• THE PROBLEM:
Using the listing below, output only the lines from the one that contains "Gamewright - Hit" through the one that contains "Cadiz Gas Lift", inclusive, exactly as given and without images.

• DATA IN THIS EXERCISE:
<<<<

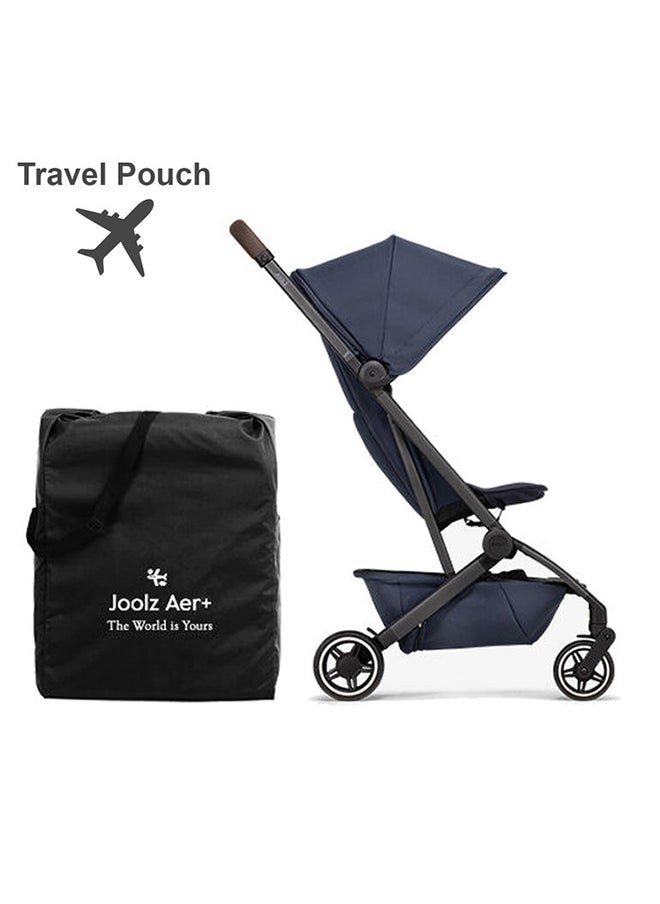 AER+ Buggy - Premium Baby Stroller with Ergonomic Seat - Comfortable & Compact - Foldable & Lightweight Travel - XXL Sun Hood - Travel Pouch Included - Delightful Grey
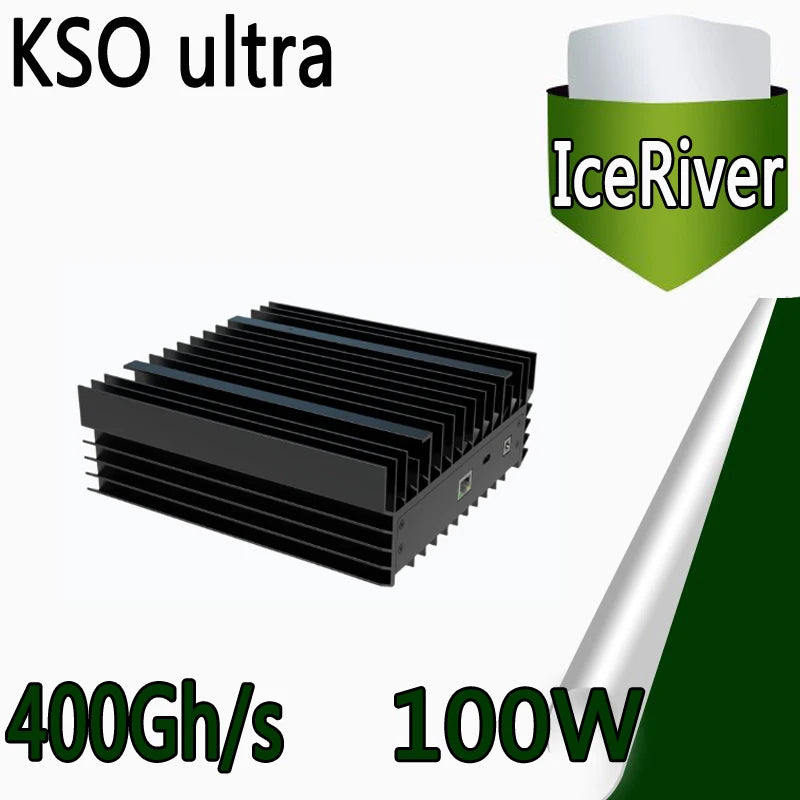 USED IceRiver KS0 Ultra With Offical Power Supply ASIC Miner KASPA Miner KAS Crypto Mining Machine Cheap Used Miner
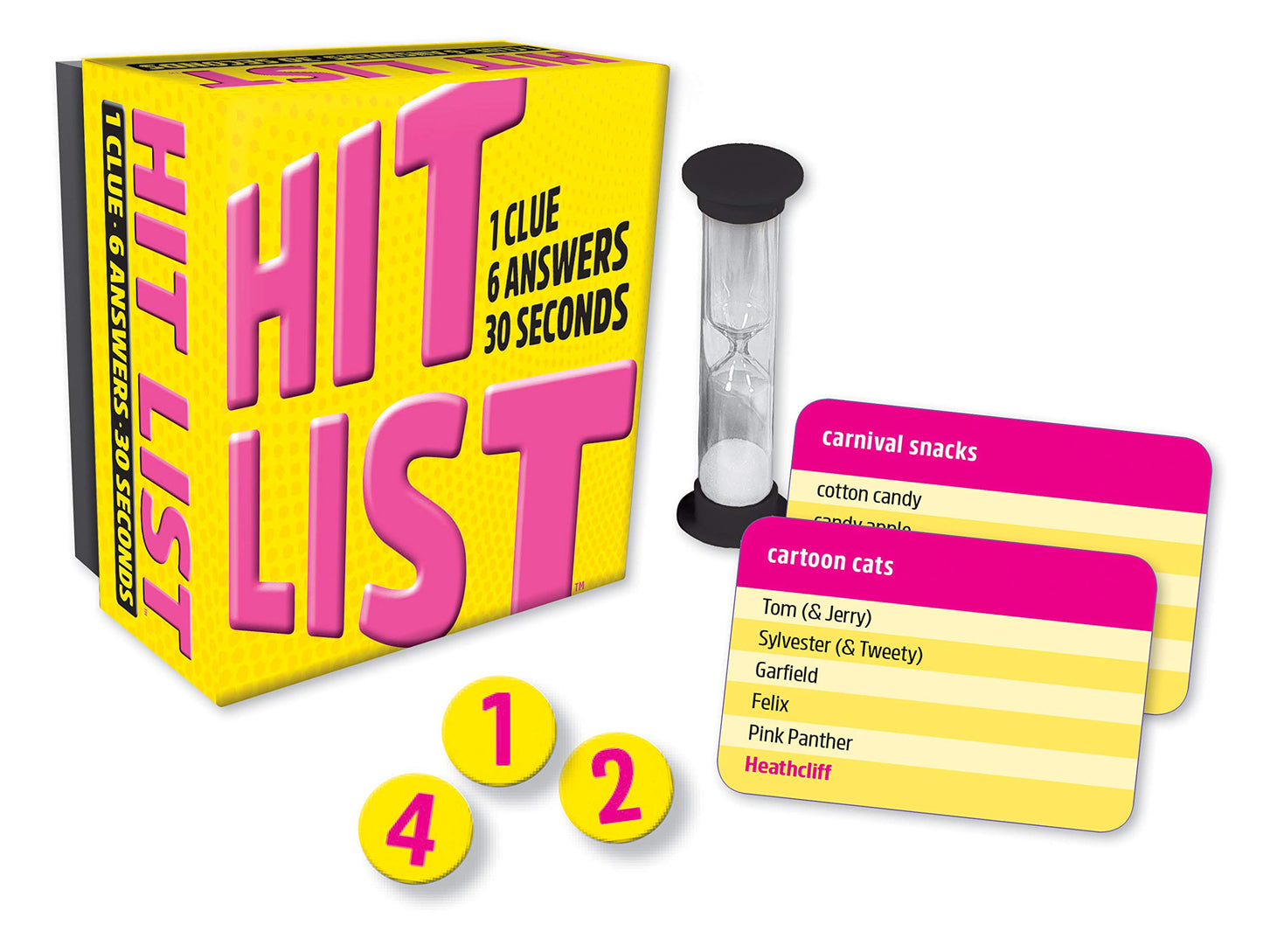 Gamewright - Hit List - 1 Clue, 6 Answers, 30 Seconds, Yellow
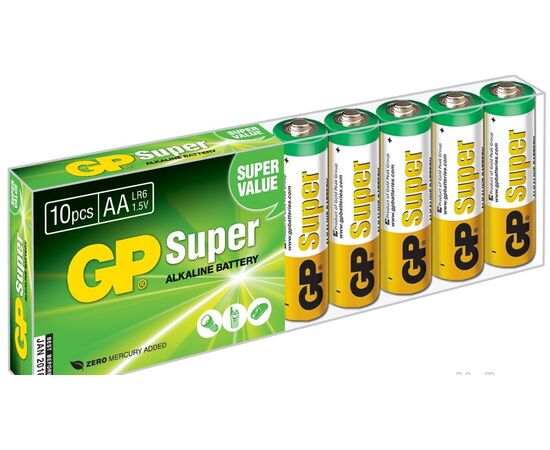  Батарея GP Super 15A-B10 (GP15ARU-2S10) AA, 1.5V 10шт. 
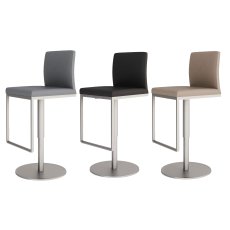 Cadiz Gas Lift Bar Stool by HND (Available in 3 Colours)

>>>>
<<<<

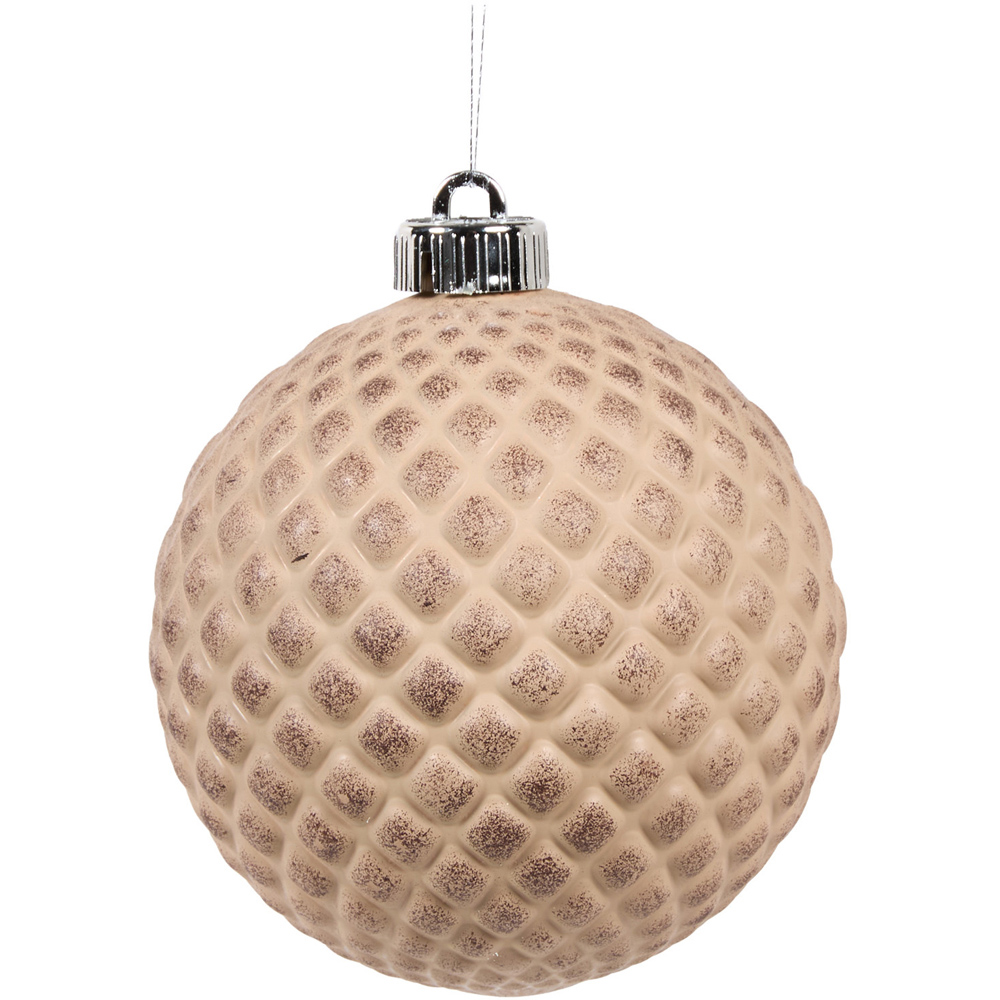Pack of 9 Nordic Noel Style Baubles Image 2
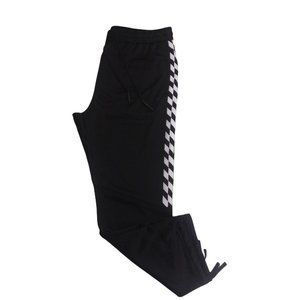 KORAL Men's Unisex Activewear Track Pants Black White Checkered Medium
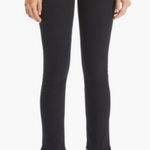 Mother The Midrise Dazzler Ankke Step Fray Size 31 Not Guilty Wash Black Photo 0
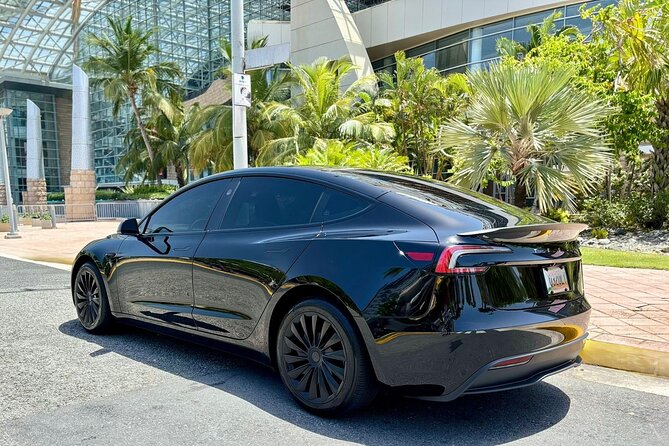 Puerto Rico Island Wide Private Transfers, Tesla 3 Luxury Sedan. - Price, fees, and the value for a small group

>>>>
<<<<

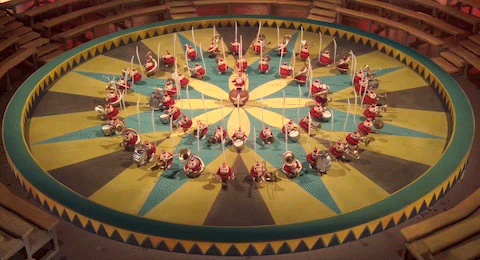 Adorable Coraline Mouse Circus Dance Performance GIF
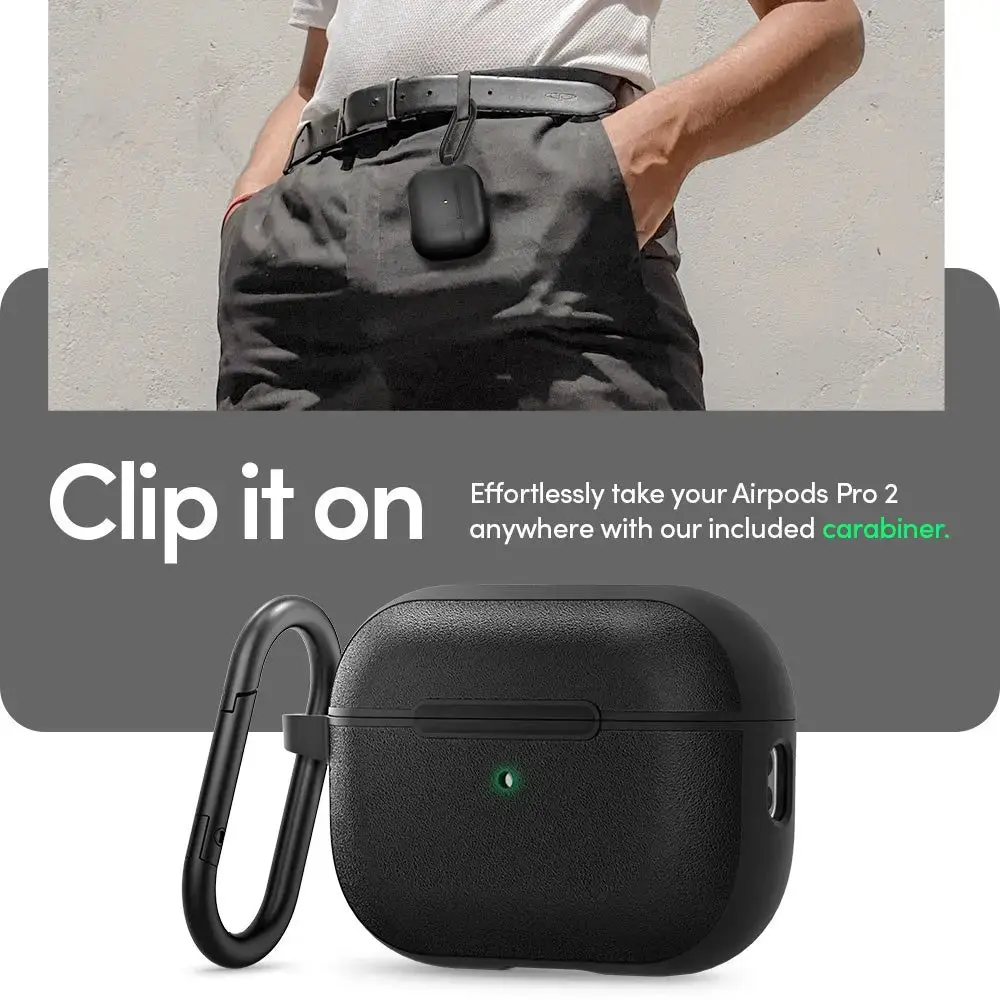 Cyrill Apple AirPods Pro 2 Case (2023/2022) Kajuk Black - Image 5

>>>>

• EXERCISE OUTPUT:
 Gamewright - Hit List - 1 Clue, 6 Answers, 30 Seconds, Yellow
  Батарея GP Super 15A-B10 (GP15ARU-2S10) AA, 1.5V 10шт. 
 Cadiz Gas Lift Bar Stool by HND (Available in 3 Colours)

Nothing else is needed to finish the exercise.